The world where my short story “Keeping Up Appearances,” in one of Esther Friesner’s Chicks in Chainmail anthologies, would work. Or I could create a new setting; a pretty generic medieval fantasy setting would work fine.

Maybe I’ll just start writing and see whether it decides where it wants itself to go.

Trailer Park

March 30th, 2015

There were five trailers with “Cinderella,” starting with “Tomorrowland.” It’s a pretty good trailer for a film that looks moderately intriguing — which I hope is the movie they actually made. Sometimes the trailer is utterly misleading. Anyway, I may want to see this one.

It appears, by the way, to have much less to do with the Tomorrowland area at Disneyland than “Pirates of the Caribbean” had to do with the ride.

Next was “Inside Out,” the new Pixar feature. I’ve seen stuff about this film before, and thought it might be Pixar’s first outright flop, because the premise is pretty outre, and the central characters are by definition. The trailer, though, has me reconsidering — it looks interesting, and they’re clever with those one-dimensional characters. Still not sure it’ll work, but if anyone can pull it off, it’s Pixar.

“Pan,” on the other hand, is a prequel to “Peter Pan,” and it did not look like a good idea to me. Unless it gets amazing buzz, I’ll pass. (I recently re-watched Disney’s 1952 “Peter Pan,” by the way, and would be willing to comment on it if anyone’s interested.)

“Hotel Transylvania 2″ — okay, I didn’t see the first one.
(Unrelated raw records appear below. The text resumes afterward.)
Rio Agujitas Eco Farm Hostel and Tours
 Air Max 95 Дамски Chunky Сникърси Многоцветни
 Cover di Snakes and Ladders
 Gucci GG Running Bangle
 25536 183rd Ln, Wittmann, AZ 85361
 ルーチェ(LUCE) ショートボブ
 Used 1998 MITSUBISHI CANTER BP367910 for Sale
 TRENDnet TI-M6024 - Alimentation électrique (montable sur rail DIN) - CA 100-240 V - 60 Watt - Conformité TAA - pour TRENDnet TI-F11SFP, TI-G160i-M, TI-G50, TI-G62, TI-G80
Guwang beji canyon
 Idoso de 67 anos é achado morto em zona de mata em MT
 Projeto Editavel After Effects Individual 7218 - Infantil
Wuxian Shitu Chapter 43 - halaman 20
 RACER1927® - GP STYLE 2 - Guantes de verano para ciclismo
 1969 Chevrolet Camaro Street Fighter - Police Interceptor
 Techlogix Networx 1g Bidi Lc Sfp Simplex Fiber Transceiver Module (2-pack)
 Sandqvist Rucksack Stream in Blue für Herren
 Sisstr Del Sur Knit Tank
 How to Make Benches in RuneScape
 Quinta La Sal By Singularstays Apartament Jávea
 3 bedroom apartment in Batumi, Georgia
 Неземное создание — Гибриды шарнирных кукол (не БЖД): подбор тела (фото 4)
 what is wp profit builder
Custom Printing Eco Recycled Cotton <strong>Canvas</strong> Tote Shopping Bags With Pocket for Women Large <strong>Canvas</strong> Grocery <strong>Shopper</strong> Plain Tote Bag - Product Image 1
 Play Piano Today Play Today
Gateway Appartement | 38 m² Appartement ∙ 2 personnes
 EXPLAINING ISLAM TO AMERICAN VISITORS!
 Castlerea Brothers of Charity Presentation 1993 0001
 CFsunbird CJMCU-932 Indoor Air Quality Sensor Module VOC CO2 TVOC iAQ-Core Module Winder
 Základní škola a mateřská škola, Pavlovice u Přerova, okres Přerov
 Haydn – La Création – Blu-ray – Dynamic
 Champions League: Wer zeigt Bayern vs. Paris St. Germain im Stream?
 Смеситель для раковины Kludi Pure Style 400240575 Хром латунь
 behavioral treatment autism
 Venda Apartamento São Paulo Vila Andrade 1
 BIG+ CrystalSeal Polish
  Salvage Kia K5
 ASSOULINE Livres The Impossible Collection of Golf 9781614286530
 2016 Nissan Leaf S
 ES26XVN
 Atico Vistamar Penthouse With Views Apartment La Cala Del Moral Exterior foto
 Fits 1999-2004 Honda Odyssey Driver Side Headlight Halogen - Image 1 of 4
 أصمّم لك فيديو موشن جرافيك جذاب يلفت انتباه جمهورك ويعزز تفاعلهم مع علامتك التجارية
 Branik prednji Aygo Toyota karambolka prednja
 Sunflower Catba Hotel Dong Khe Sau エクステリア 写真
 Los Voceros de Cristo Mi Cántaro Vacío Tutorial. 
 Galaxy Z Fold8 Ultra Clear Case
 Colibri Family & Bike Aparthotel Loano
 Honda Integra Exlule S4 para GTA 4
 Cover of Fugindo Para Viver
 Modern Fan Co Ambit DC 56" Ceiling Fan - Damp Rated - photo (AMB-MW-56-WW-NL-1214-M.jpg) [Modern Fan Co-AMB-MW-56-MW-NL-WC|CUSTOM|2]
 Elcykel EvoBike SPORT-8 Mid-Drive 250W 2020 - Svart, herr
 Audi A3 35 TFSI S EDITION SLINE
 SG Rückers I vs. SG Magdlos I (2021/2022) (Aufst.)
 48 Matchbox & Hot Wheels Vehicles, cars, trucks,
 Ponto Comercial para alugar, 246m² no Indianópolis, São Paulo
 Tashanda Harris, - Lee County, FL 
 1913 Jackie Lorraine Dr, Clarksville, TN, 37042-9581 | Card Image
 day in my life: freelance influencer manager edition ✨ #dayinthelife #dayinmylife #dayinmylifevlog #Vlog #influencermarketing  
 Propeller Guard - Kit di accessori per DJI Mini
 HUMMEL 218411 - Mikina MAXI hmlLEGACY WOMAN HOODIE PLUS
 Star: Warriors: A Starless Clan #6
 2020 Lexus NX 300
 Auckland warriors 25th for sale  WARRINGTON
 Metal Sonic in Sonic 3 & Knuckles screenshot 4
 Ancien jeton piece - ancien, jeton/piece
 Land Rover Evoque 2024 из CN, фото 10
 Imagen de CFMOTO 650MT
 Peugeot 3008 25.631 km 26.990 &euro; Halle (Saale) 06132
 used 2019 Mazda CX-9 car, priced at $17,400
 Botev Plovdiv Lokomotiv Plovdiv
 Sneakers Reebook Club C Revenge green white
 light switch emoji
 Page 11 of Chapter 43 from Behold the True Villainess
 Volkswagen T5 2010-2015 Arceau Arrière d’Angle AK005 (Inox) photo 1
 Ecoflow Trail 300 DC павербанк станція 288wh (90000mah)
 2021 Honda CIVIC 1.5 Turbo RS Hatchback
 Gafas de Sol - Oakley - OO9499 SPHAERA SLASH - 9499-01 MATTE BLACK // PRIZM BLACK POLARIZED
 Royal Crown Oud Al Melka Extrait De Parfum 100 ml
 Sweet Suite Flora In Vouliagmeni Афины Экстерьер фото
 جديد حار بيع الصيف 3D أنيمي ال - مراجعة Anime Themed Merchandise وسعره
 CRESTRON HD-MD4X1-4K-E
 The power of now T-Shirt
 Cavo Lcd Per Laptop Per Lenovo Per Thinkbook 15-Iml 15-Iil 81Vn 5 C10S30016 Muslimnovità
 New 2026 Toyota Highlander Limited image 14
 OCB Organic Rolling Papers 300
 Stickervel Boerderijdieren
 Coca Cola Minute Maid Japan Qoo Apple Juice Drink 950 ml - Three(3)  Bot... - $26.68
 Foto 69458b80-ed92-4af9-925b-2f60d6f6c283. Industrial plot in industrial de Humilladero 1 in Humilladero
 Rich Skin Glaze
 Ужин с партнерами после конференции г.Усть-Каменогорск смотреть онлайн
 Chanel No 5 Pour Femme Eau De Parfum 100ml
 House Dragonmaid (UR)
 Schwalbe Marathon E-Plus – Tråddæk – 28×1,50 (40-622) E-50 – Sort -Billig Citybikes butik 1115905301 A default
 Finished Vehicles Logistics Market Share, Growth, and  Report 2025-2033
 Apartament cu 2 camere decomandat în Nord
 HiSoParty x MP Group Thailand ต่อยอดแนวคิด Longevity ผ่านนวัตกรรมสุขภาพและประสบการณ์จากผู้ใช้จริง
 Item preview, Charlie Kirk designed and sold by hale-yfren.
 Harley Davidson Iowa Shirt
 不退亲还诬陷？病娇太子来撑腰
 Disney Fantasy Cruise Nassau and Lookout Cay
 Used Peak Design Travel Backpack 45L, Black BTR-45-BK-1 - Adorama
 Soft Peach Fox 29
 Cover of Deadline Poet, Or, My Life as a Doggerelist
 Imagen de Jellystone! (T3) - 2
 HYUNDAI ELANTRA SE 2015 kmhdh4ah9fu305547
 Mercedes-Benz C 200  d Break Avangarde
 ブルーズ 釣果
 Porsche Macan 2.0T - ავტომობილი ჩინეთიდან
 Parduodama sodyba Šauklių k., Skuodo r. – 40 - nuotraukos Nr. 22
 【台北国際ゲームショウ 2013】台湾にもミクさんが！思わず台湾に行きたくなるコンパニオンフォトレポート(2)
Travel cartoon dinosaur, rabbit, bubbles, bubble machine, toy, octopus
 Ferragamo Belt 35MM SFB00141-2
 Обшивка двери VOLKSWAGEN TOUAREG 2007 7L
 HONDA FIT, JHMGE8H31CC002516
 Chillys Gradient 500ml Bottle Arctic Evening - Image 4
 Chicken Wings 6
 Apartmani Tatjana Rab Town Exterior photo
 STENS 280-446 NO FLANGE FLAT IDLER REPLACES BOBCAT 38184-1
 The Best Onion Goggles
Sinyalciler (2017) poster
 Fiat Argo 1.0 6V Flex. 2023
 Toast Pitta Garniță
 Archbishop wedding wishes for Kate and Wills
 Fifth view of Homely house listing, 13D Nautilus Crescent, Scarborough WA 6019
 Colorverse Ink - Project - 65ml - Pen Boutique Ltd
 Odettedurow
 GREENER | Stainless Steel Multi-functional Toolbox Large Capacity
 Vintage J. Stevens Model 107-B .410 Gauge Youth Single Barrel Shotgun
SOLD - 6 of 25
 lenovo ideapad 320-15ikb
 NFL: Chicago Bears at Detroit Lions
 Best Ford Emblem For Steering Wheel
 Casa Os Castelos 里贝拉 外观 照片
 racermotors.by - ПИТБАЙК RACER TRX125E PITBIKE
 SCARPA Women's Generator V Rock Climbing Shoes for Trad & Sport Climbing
Ads and trailers, yes, but not the actual movie. This probably means I’m not the target audience. Besides, I’ve never really liked the notion that all the classic movie monsters are pals, and in general I prefer my traditional monsters to be monsters, not just weird-looking nice guys.

That said, the trailer is a single complete episode — don’t know whether it’s even in the actual movie, or it’s like the trailers for “The Incredibles” that were new footage that conveyed the mood and concept without using real scenes from the movie. Either way, the trailer does manage to be fairly clever and moderately funny; some of the comic timing is just perfect. But I still don’t plan to see the movie.

And finally, “Minions” — jeez, where do I even start? Gru’s entire world in the “Despicable Me” movies is just so utterly bizarre, and here we have Gru’s minions looking for a master before Gru is even born — i.e., 1968 — and winding up at a villains convention in Florida…

And at least in the trailer, they use music that’s actually from 1968, by the Doors and Jimi Hendrix.

If you loved Gru’s minions, here’s an entire movie about them. What more could you want? I suspect they work better as supporting characters, but who knows? I will say they got a lot of stuff right. Since Julie didn’t like “Despicable Me” anywhere near as much as I did we never saw the second one, and probably won’t see this, but I admit a sneaking wistfulness about that.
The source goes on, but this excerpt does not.